Aber sie zitterte innerlich vor Schock. Sie nahm kaum ihre Umgebung wahr.
Stattdessen lief vor ihrem inneren Auge immer wieder der Film ab, wie Laprea im
Aufzug stand und die Stahltüren sich vor ihrem verwüsteten Gesicht schlossen.
    Auf der Connecticut Avenue ging Anna automatisch auf die Rolltreppen
der U-Bahn zu. Sie sollte ins Büro zurück, Jack suchen und ihm erzählen – was?
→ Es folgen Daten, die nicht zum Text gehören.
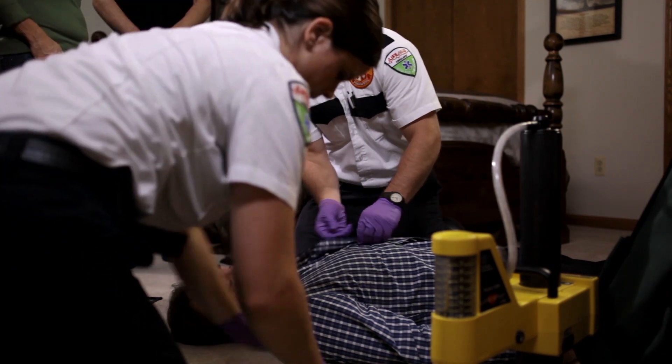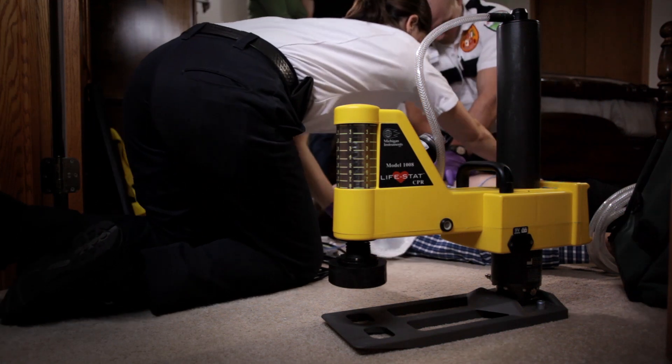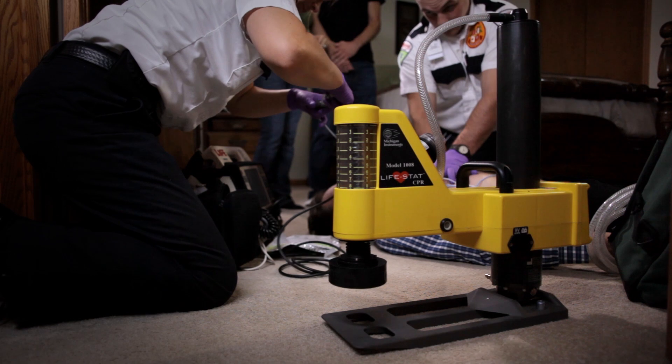The Lifestad Hands-Free CPR system provides cardiopulmonary resuscitation in accordance with current American Heart Association guidelines and can be updated should those guidelines change.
Sie musste nachdenken. Und sie wollte nicht in die U-Bahn hinunter. Sie wollte
in Bewegung bleiben. Sie würde laufen. Sie atmete tief und lange durch,
versuchte ihre Mitte zu finden, als ob dies eine Yoga-Übung wäre.
    Anna machte einen Bogen um die U-Bahn-Station und lief weiter,
vorbei an den gut besuchten Coffeeshops und Geschäften, überquerte den
Kreisverkehr und lief durch den Park auf dem Dupont Circle. Die Fröhlichkeit
der vielen Menschen, die auf Bänken um den Marmorbrunnen saßen und die ersten
Frühlingstage genossen, stand im Gegensatz zu der kalten Leere in ihrer Brust.
    Erst Green, nun Nick – war jeder Mann, dem sie vertraut hatte, ein
Lügner? Was für ein schreckliches Geheimnis würde Jack hüten? Nein, sagte Anna
sich. Jack war nicht perfekt, aber er war aufrichtig. Doch das war kein großer
Trost, nun, da er sie hasste.
    Anna ging sogar noch schneller, reagierte ihren Frust am Gehweg ab.
Als sie das schicke Einkaufszentrum am Golden Triangle der Connecticut Avenue
erreichte, blieb sie vor den glitzernden Schaufenstern eines Juwelierladens
stehen. Verlobungsringe wurden ausgestellt, deren Diamanten das Sonnenlicht in
eine Million winzige Regenbogen streute. Sie musste zugeben, dass sie vorhin
noch über Ringe wie diese nachgedacht hatte, als Nick ihr berichtete, dass er
seinen Job aufgab.
    War es wirklich erst diesen Nachmittag gewesen? Es schien schon
Monate her zu sein.
    Sie hatte gedacht, Nick zu kennen. Ein Konkurrent zwar, aber fair,
davon war sie ausgegangen. Könnte er stattdessen jemand sein, der einem Opfer
rät, unter Eid zu lügen, um seinen Mandanten zu schützen? Könnte er Laprea in
die Wohnung gelassen und mit ihr gesprochen und sie später nach Hause gefahren
haben, wo D’marco sie getötet hat? Oder könnte die Wahrheit noch schlimmer
sein? Anna dachte an das Tierhaar auf Lapreas Leiche; könnte es von Nicks
Alpakafell stammen? Sie erinnerte sich daran, wie sehr Nick seinen Mandanten
dazu gedrängt hatte, zu Beginn seines Falls einen Deal einzugehen, und wie
ungewöhnlich nichtssagend sein Eröffnungsplädoyer heute Morgen ausgefallen war.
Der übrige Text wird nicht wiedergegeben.